Manufacturers including Western Digital Corp. have moved operations to other countries in recent years, as employers on the island grappled with tighter rules for foreign labor that have pushed up costs and crimped some companies’ ability to meet a recovery in demand from the U.S. and Europe. Singapore’s government has stepped up efforts to lure new industries such as research and development as it reshapes the economy while cutting reliance on cheap overseas workers.
“Economic activity is losing steam despite a healthier global backdrop,” Chua Hak Bin, a Singapore-based economist at Bank of America Merrill Lynch, wrote in a note after the GDP report. “Restructuring appears to be failing. Growth is being impeded by tight labor constraints even as global demand recovers.”
The benchmark Straits Times (FSSTI) Index of stocks fell 0.1 percent as of 2 p.m. local time. The Singapore dollar was little changed at S$1.241 against the U.S. currency. It has risen 0.5 percent so far this quarter. The central bank, which uses the island’s dollar to manage price pressure, said in April it will maintain a modest and gradual appreciation of the currency.
Singapore Prime Minister Lee Hsien Loong’s government has tightened rules to curb the hiring of foreigners in recent years after an influx led to voter discontent over infrastructure strains and increased competition for jobs, property and education.
“Some pockets of the manufacturing sector are already relocating,” said Irvin Seah, an economist at DBS Group Holdings Ltd. in Singapore. “The manufacturing sector is facing tremendous pressure from the restructuring.”
The Monetary Authority of Singapore expects wage pressure to persist, with firms likely to pass on business costs, as a result of the tight labor market, it said in April when it kept its currency stance unchanged.
Basic wages excluding pension fund contributions rose 5.1 percent in 2013, the fastest pace in more than a decade, according to government data that isn’t adjusted for inflation. The jobless rate was 2 percent in the first quarter, compared with an average 2.2 percent in the previous five years.
About 25 percent of U.S. companies plan to move operations out of Singapore, rising from 12 percent last year, the Singapore Business Review reported in February, citing the 2013 Manpower Survey Results of the American Chamber of Commerce.
The economy expanded 2.1 percent in the three months through June from a year earlier, after growing a revised 4.7 percent in the previous three months, today’s report showed. That compares with the median estimate of a 3.1 percent gain in a Bloomberg survey.
Manufacturing fell 19.4 percent in the second quarter from the previous three months, data showed. Services rose 5.2 percent in the same period, while construction gained 2.6 percent.

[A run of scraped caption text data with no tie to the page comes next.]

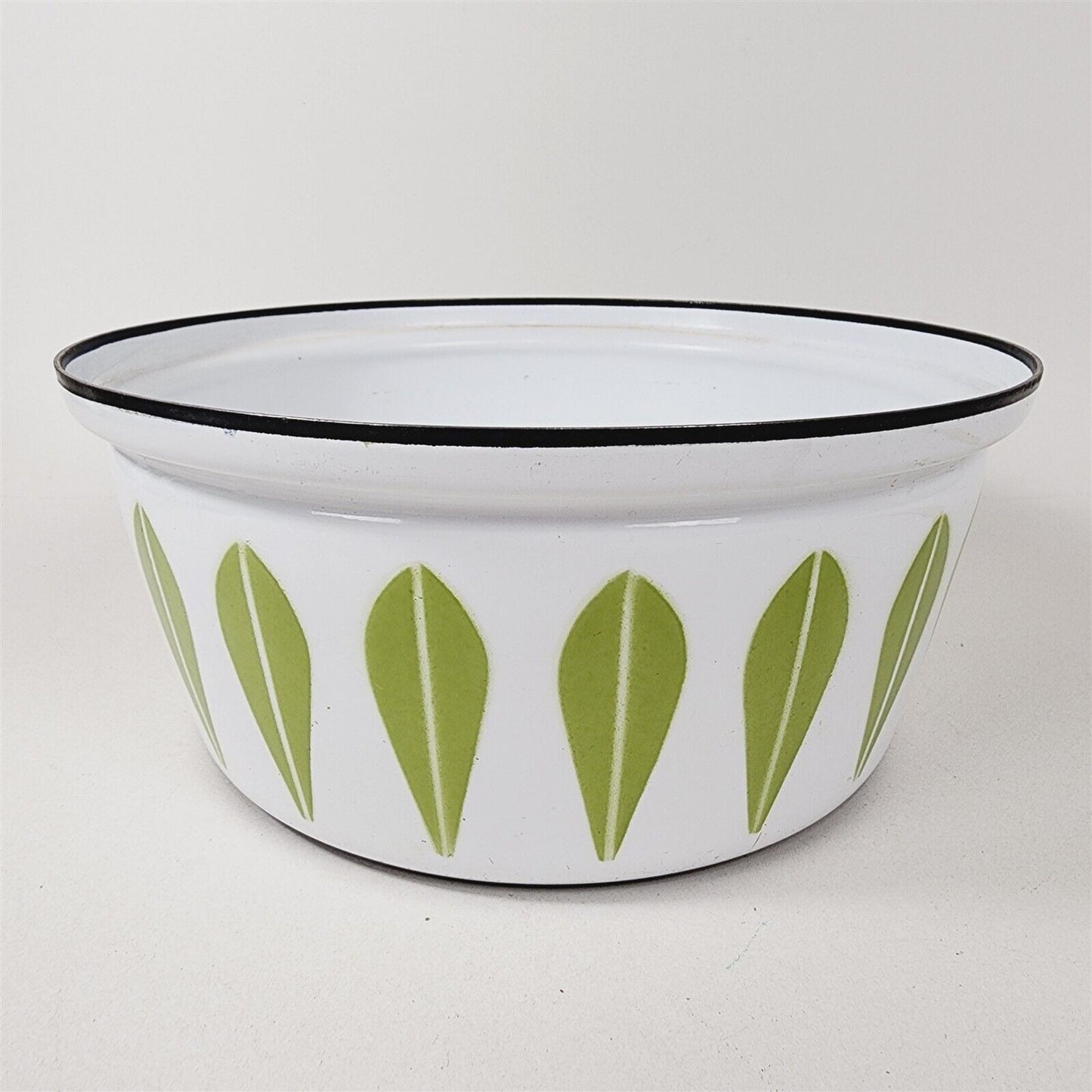 Vintage Catherineholm White & Avocado Green Lotus Stock Pot 10 3/4" - No Lid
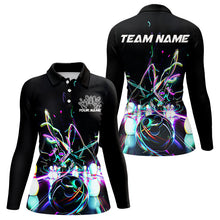 Load image into Gallery viewer, Neon Style Custom Ladies Bowling Shirts, Glowing Electric Bowling Team Shirt Bowler Outfits IPHW8001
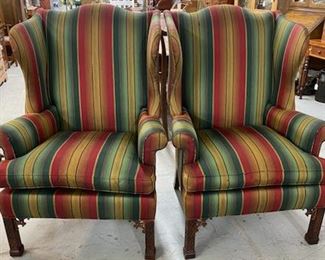 Pr Wingback Chippendale Chairs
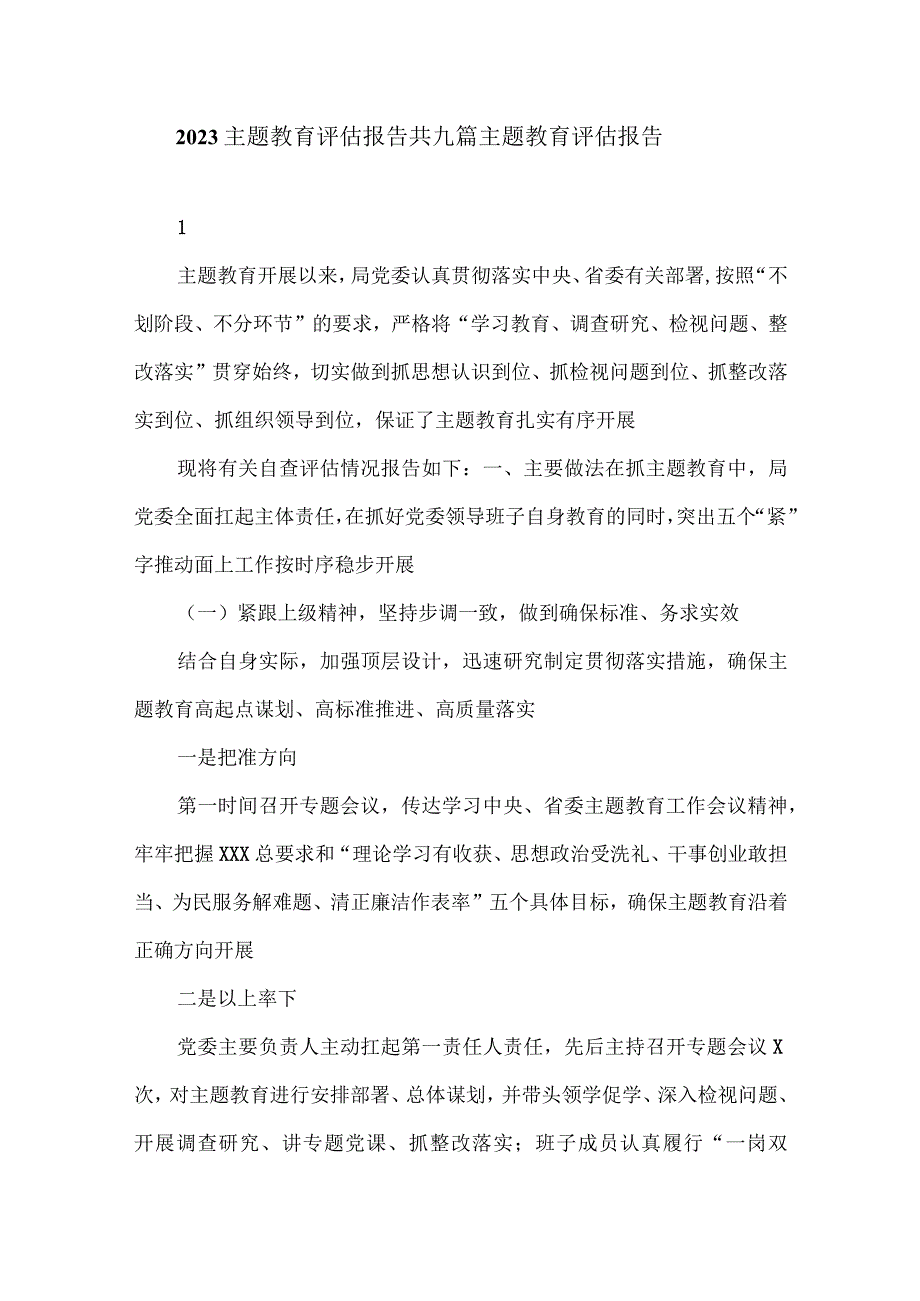 2023主题教育评估报告共九篇主题教育评估报告十三【篇】.docx_第1页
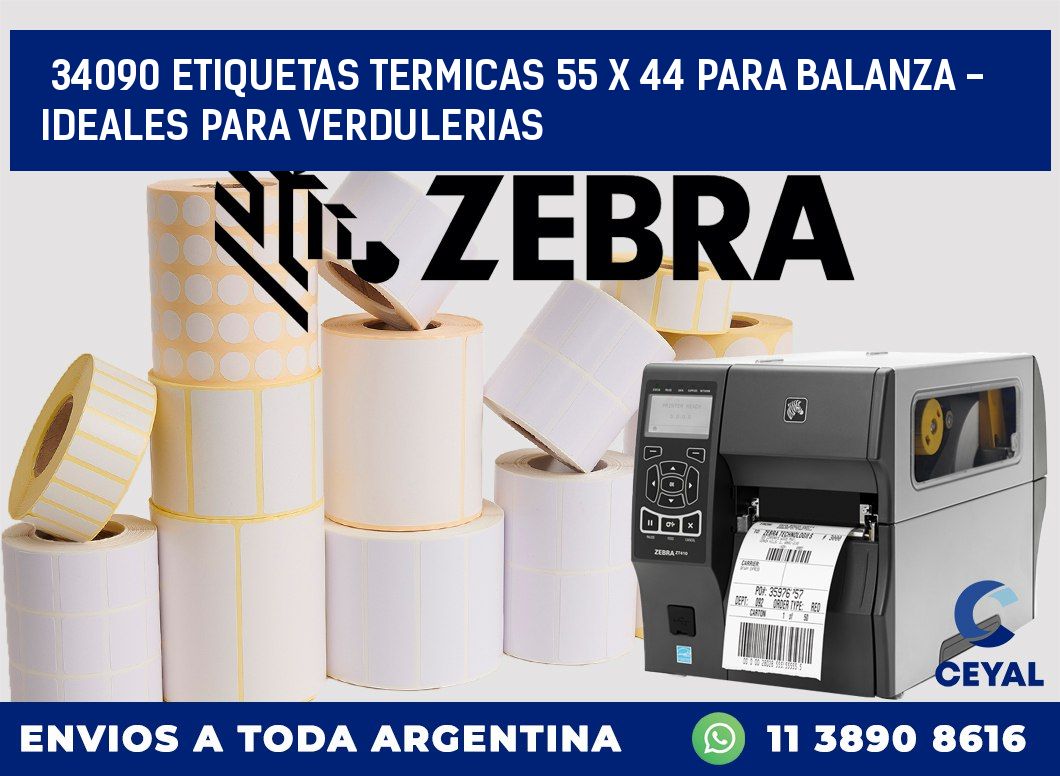 34090 ETIQUETAS TERMICAS 55 X 44 PARA BALANZA - IDEALES PARA VERDULERIAS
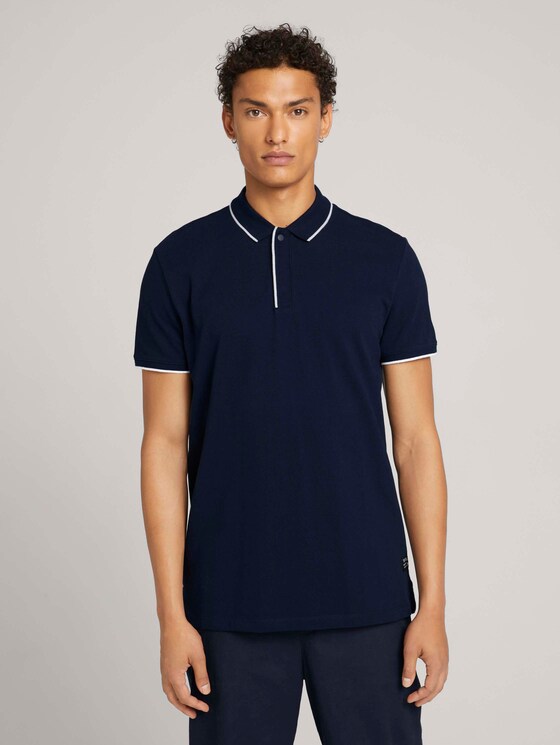 Poloshirt mit Kontraststreifen - Männer - Sky Captain Blue Poloshirt mit Kontraststreifen - Männer - Sky Captain Blue - 1 - TOM TAILOR Denim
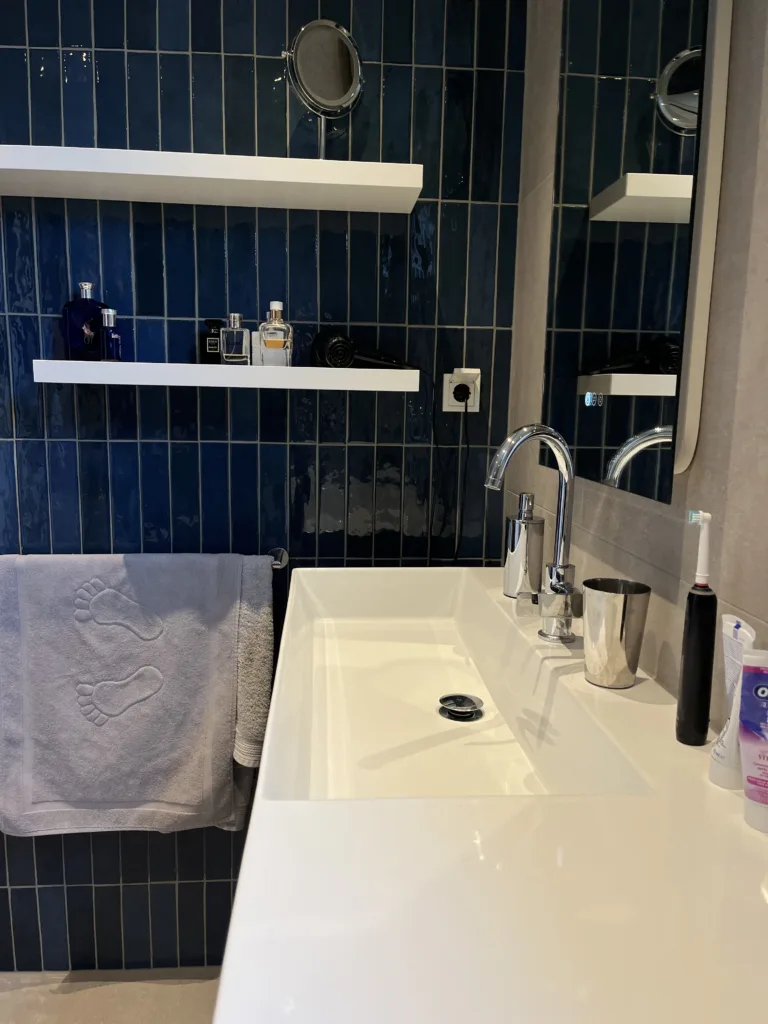 Badkamer met blauwe accenten en inloopdouche met grijs rookglas – modern stijl – Elst
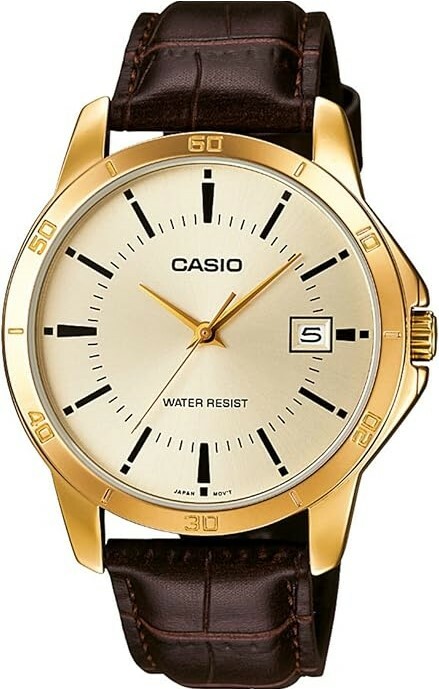 萬年鐘錶 - CASIO 卡西歐 復古金色皮革款男錶 MTP-V004GL-9A  錶徑41.5MM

In an earlier report showing electronics production fell in April from a year earlier, the government said semiconductor output fell 11 percent because of a one-off “firm-specific factor,” without elaborating.
“It’s part of this whole process of restructuring and moving up the value chain,” said Michael Wan, a Singapore-based economist at Credit Suisse Group AG. “Part of the reason of the weaknesses is that we saw some offshoring of this electronics factory in the second quarter.”
In a note to clients, Wan said the GDP report is unlikely to spur the MAS to ease policy as the labor market remains tight. The government in May reiterated its forecast for the economy to expand 2 percent to 4 percent this year.
“Moving forward, we should see some pick-up in industrial production as global growth improves,” said Wan. He expects the economy to rebound in the third quarter and predicts growth of 3.4 percent this year.
The advance GDP estimates for the second quarter are computed largely from data in the first two months of the quarter. They are intended as an early indication of GDP growth, and are subject to revision when more data becomes available.